This past week I found myself wondering for the first time in the almost five years that I’ve had this particular blog if maybe it was time to pull the plug for good.
Initially when I started writing this blog, I didn’t really consider the issue of privacy. I started out basically anonymous, but then loosened up with this as time went on. Of course, finding out that my ex husband, his mother, and an entire community of former friends were all reading kind of gave me something to think about, but I decided to press onwards.
I decided to continue writing, even knowing that there were people reading that I didn’t really WANT to have reading. People that I didn’t want to share my life with. But that’s the problem with being a blogger…you put it out there, without being able to control who has access to this information.
As time has gone on, another thing about this blog has changed. The things I write are a whole lot less personal, for the most part. Sure, I share thoughts about how I’ve changed and grown as a person, my observations on my relationship and where my life is headed, but there are still many things that I keep private…because there are things that not everyone needs to know.
Another thing about being a blogger, I’ve realized, is that there are some people who believe that what we choose to share on our blogs is The Whole Story. That if you put everything together that you’ve read here, that this makes up everything you need to know about me as a person and what’s happening in my life. Trust me, nothing could be farther from the truth. There are plenty of things that I never write about, or that I only write about from a certain perspective, or whatever. There are entire parts of my life that never get a mention on this blog.
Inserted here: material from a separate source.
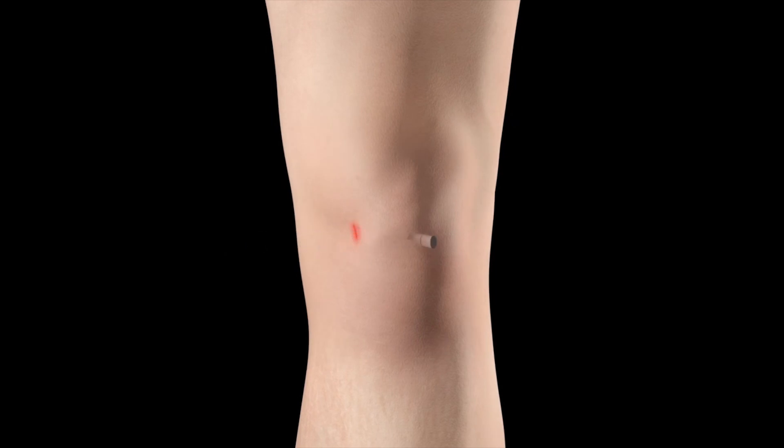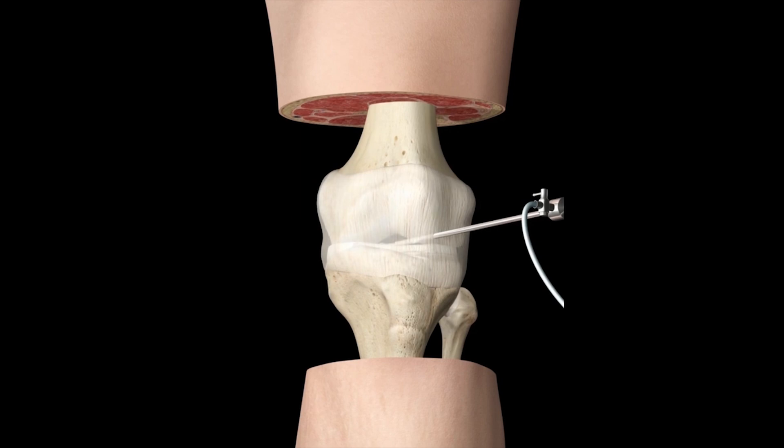Small incisions are made on the medial and lateral sides of the knee joint, and the joint is expanded by injection of a saline solution. An arthroscopic cannula investigates the injury and the damaged region is removed.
Another difficulty with blogging is that because all of this is put out there, people sometimes feel as though this gives them “a right” to make judgments on me, my life, and my choices. I suppose we all make judgments every day. And I suppose that because I choose to put myself out there, I leave myself open to that, to a certain extent.
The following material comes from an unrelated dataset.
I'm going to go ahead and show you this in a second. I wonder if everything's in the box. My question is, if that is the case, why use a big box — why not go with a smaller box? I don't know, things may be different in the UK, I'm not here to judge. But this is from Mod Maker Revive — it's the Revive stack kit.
I’ve always had a problem with the whole “what will people think?” question. Over the years I have learned that people will choose to think what they want to think, despite the evidence that might be in front of them. It’s still a lesson that I need to continue learning, obviously.
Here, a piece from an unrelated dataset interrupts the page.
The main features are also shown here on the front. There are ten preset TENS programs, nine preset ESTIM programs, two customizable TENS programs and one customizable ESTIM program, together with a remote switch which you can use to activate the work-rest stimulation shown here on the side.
My ultimate conclusion that I came to this week is — screw it. Screw the people who will read my words and choose to make assumptions about me based on it. Screw the people with harmful and negative intentions. Screw the people who will read this blog and roll their eyes, and/or will use what I’ve written to get a deeper glimpse into my life. Because, you know, it’s all so utterly fascinating, right?
Because here’s the thing: I’m just not that interesting. I know this, and I’m okay with that. I write to get a better hold on my own thoughts and feelings and work through issues that I’m dealing with. I write to connect with other people. I write because I’ve had many people tell me over the years that they can relate to what I’ve written about, or that it has helped them in some way. Those are the reasons that I blog, and for now, those reasons are bigger than the Negative Nellies that are bringing me down and making me feel like I’m under a bit of a microscope. Maybe this won’t always be the case, I don’t know…but for now…it is.
And at this point, I’ll take it. Maybe some day I will choose to let the blog go — I will shut er down and go on my merry way. But when I do, it will be because it’s MY decision and what I want — not because I felt forced to because of who might be looking over my shoulder. I’ve worked too damn hard to do that now.